In this case, when we get to the end, both mylist and otherref are still pointing to the same object, the original object, and both prints will print [1, 2, 3, 4]. No new list object was created at any point after the initial creation of mylist.

So with that understood, take a look back at the original example, and maybe you can see why it's so weird. By all appearances, it looks like we have a pretty simple scenario here: we have an object that has an attribute which is a list, and we just append a value to that list. Then we go look at its value again, and it...hasn't changed at all? But we didn't get any kind of crash, or error, or anything. Our append call returned apparently successfully. It just...didn't seem to change anything. The list is an immutable mutable object!

This is a real problem in real code: it broke the most recent Fedora Rawhide compose. So, obviously, I was pretty keen to figure out what the hell was going on, here! It turns out that it's down to dnf getting clever (arguably over-clever).

Python's a very...flexible language. The key to the problem here turned out to be exactly what happens when we actually look up the group_package_types attribute of mc, the dnf.conf.MainConf instance.

Getting and setting attributes of objects in Python is usually a kind of core operation that you never really think about, you just expect it to work in the 'usual way'. A simple approximation of how it works is that the object has a Python dict (like a 'hash' in some languages - a key/value store, more or less) whose keys are attribute names and whose values are the attribute values. When you ask for an attribute of an object, Python checks if its name is one of the keys in that object's dict, and if it is, returns the value. If it's not, Python raises an error. When you set an attribute, Python stuffs it into the dict.

But since Python's flexible, it provides some mechanisms to let you mess around with this stuff, if you want to. You can define __setattr__, __getattr__ and/or __getattribute__ methods in a class, and they'll affect this behaviour.

The base object class that almost all Python classes inherit from defines the default __setattr__ and __getattribute__, which work sort of like the approximation I gave above. If you override __setattr__ in a class, then when something tries to set an attribute for an instance of that class, that method will get called instead of the default object.__setattr__. If you override __getattribute__, then that method will get called instead of object.__getattribute__ when something tries to look up an attribute of an instance of that class.

If you leave __getattribute__ alone but define __getattr__, then when something tries to look up an attribute, first the stock object.__getattribute__ will be used to try and look it up, but if that doesn't find it, rather than raising an exception immediately, Python will try your __getattr__ method.
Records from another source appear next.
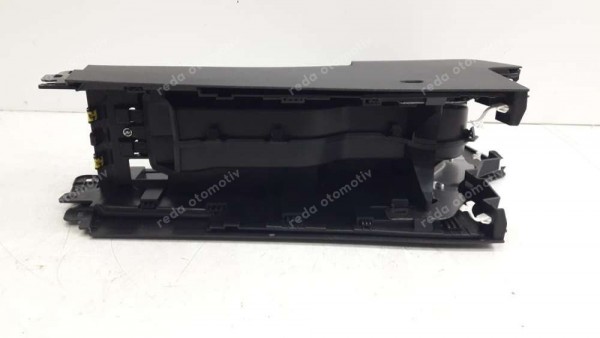 Renault Captur2 Orta Konsol 969104517R YP (KB-130)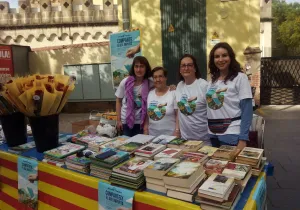 El grupo parroquial de Manos Unidas en Castelldefels, paradita solidaria por Sant Jordi
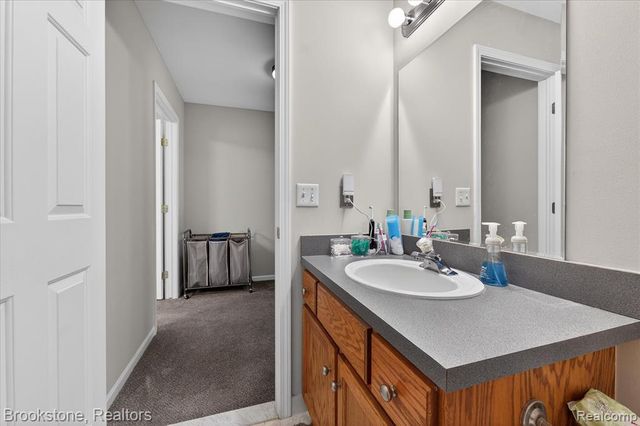 37744 Charter Oaks Boulevard 397, Clinton Township, MI 48036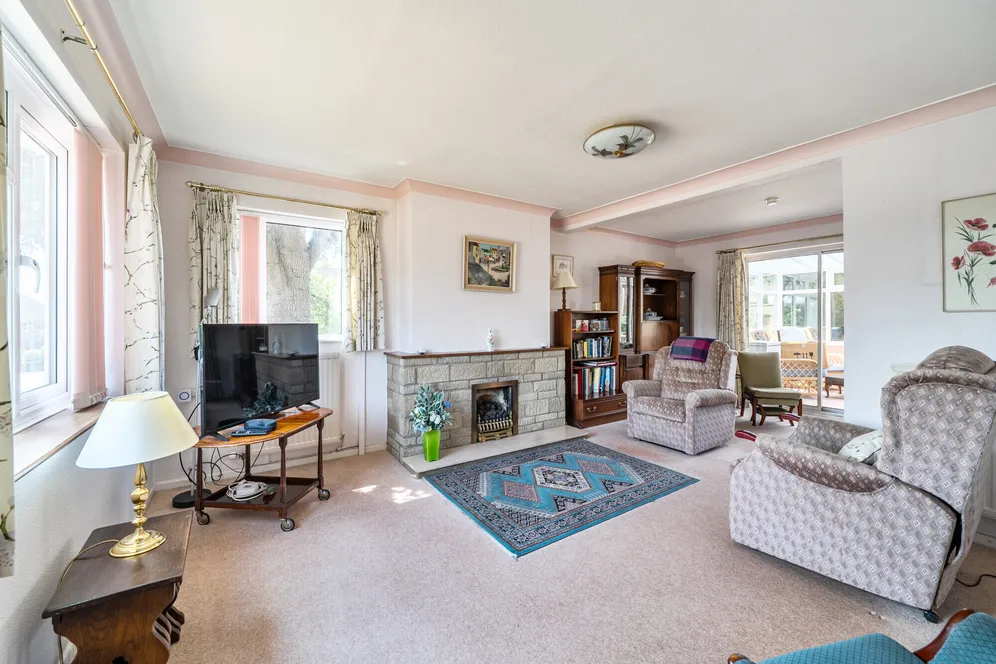 Churchill Way, Painswick, Stroud, GL6 photo 3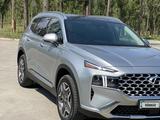 Hyundai Santa Fe 2022 года за 13 500 000 тг. в Алматы – фото 3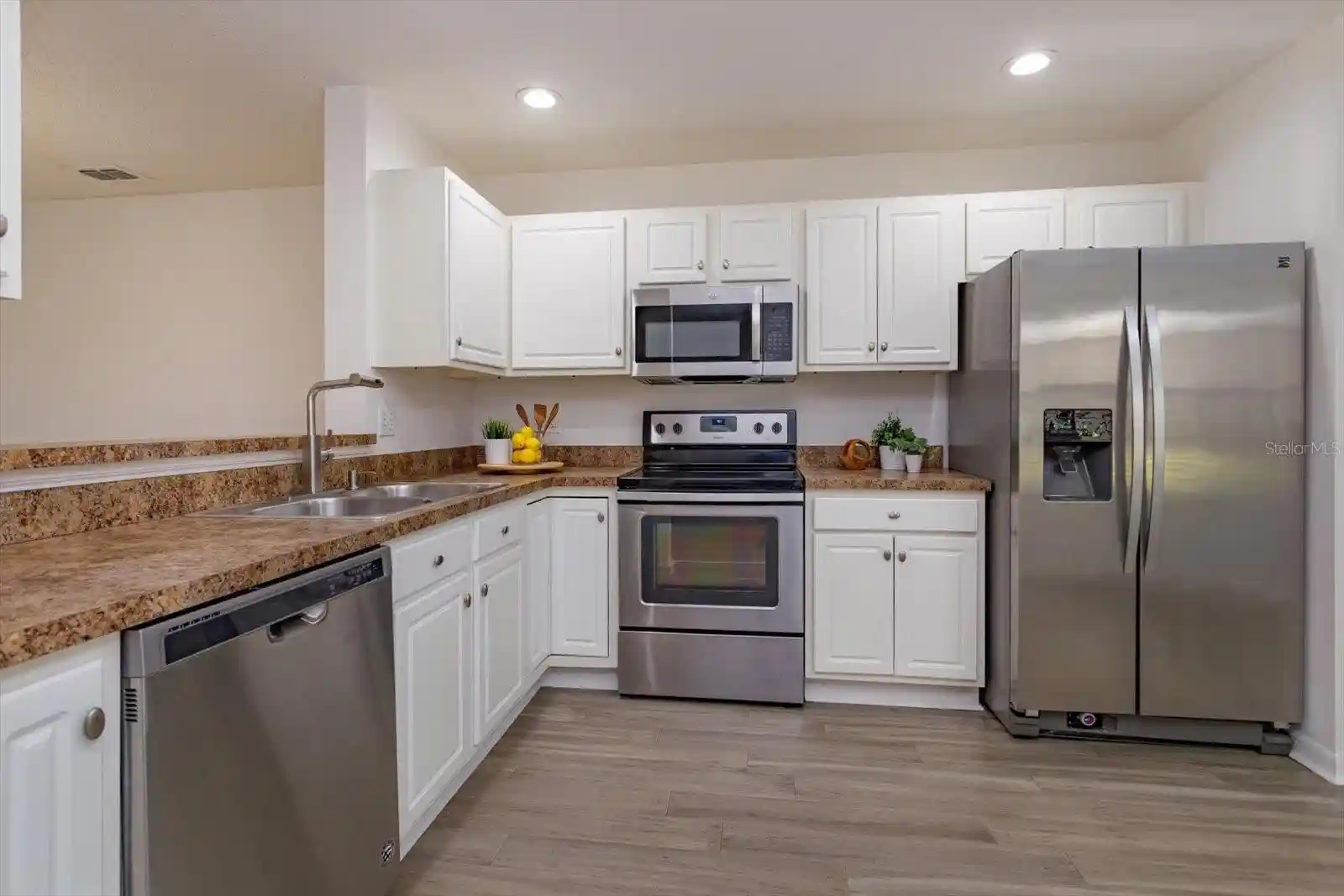 8th image of 671 Post Oak Cir, ALTAMONTE SPRINGS, FL 32701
We can actually override __setattr__ and __getattr__ to do a very simplified demonstration of how the default implementation usually works:

#!/bin/python3

class TestClass(object):
    def __init__(self):
        self.__dict__["_attrs"] = {}

    def __setattr__(self, name, value):
        print("Hi, setattr here, just settin' attrs...")
        self._attrs[name] = value

    def __getattr__(self, name):
        print("Hi, getattr here, here's your attr!")
        return self._attrs[name]

tc = TestClass()
tc.foo = [1, 2, 3]
print(tc.foo)
tc.foo.append(4)
print(tc.foo)

Note that __dict__ is the store that object.__getattribute__ uses, so that's why we set up our backing store with self.__dict__["_attrs"] = {} - that ensures that when we look up self._attrs, we will find it via __getattribute__. We can't just do self._attrs = {} because then we wind up in an infinite recursion in our __getattr__.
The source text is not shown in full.